É certo que abundam as anedotas sobre a ignorância e a falta de cultura norueguesa em relação ao resto do mundo e muito especialmente ao mundo luśofono, mas foi há menos de 50 anos que a Noruega se rendeu ao 25 de Abril, a revolução dos cravos, aqui chamada Nellikrevolusjonen.

Contudo, nos poucos artigos esta semana no Aftenposten, o maior jornal norueguês, que tinham a ver com Portugal ou poderiam ter, o desconhecimento e falta de interesse foi esmagador. Refiro-me à menção do "golpe de Estado" num artigo sobre a situação dos toxicodependentes no Porto, e à discussão do fascismo na Europa.
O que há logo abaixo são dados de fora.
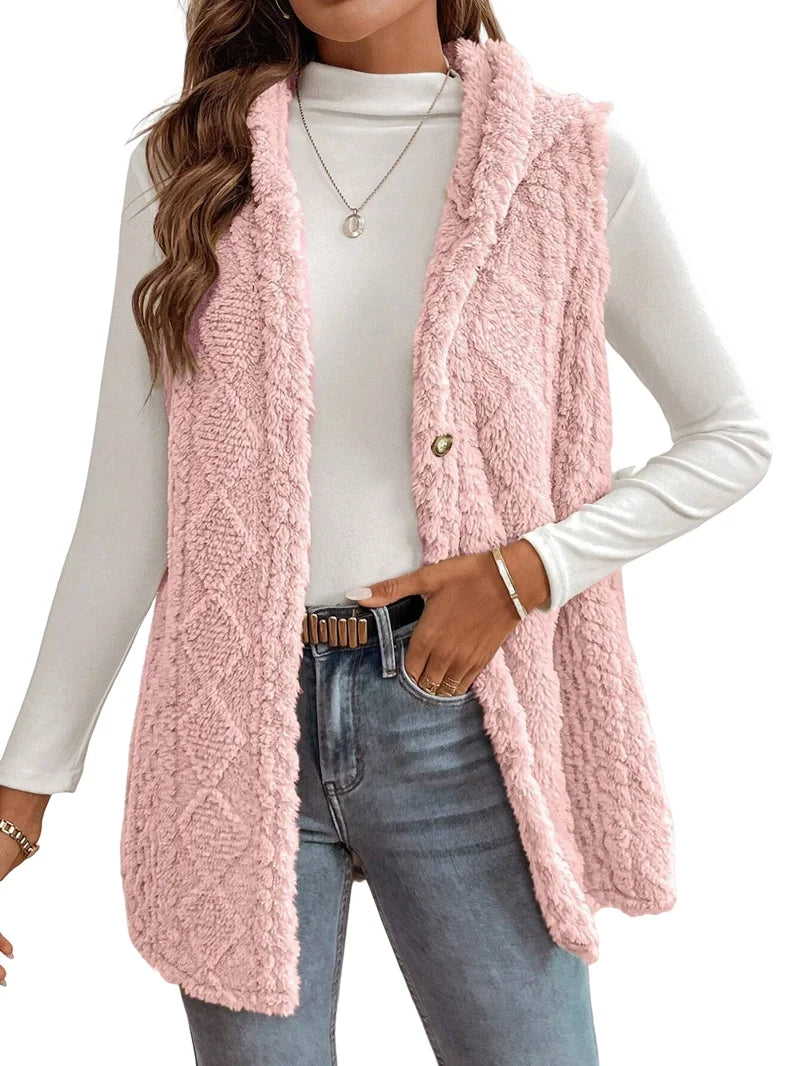 Pink Oversized Fleece Hooded Cardigan H505429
Pior ainda, quando confrontados com essa (digamos) imprecisão -- para mim e para todos os portugueses, penso eu, extremamente insultuosa -- através de uma carta ao jornal, em norueguês, de um cidadão norueguês que transcrevo aqui, o jornal simplesmente recusa-se a publicá-la, visto que há assuntos muito mais importantes a tratar.

"I Aftenposten sist lørdag sto det en artikkel om narkotikapolitikk og Portugal. Det som gjelder narkotikalovgivning og narkotikabruk, skal jeg ikke ta stilling til. Men jeg reagerer på en kjapp og litt vel lettvint innføring i portugisisk samtidshistorie, når forfatterne skriver at: «Bruken av ulovlige rusmidler eksploderte utover 70- og 80-tallet, etter et militærkupp (…).»
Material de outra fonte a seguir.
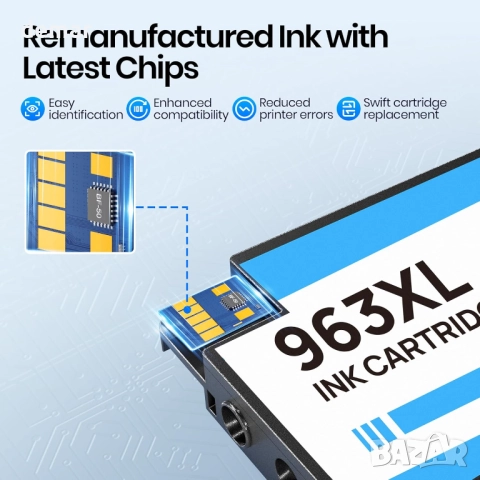 Мастилени касети Gureef 963XL за HP Officejet Pro 9010, 4 броя, снимка 6 - Консумативи за принтери - 51682137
At det som skjedde 25. april 1974 i Portugal for et militærkupp, er en sannhet med modifikasjoner. Når det gamle fascistregimet ble styrtet akkurat da, var det helt klart etter initiativ av lavere offiserer og befal ved flere avdelinger. Men det var langt ifra noe militærkupp slik vi kjenner det fra for eksempel Latin-Amerika, Spania i 1936 og også fra Portugal på 1920-tallet. De startet en revolusjon. Så snart det ble kjent, fikk soldatene massiv støtte fra størsteparten av befolkningen, sivile ledere sto fram, og det gamle regimet falt som en råtten frukt på en formiddag. Jf. dette bildet fra da statsminister Marcelo Caetano ble tatt til fange i en av de første timene på revolusjonsdagen 25. april 1974:

http://casacomum.org/cc/dossiers/25a_mobile/?photoId=10456.005&lang=pt

Så fulgte et år eller to med diskusjoner og aksjoner att og fram med stort folkelig engasjement, før Portugal fikk satt seg som et demokratisk land på linje med Norge og andre land i Vest-Europa.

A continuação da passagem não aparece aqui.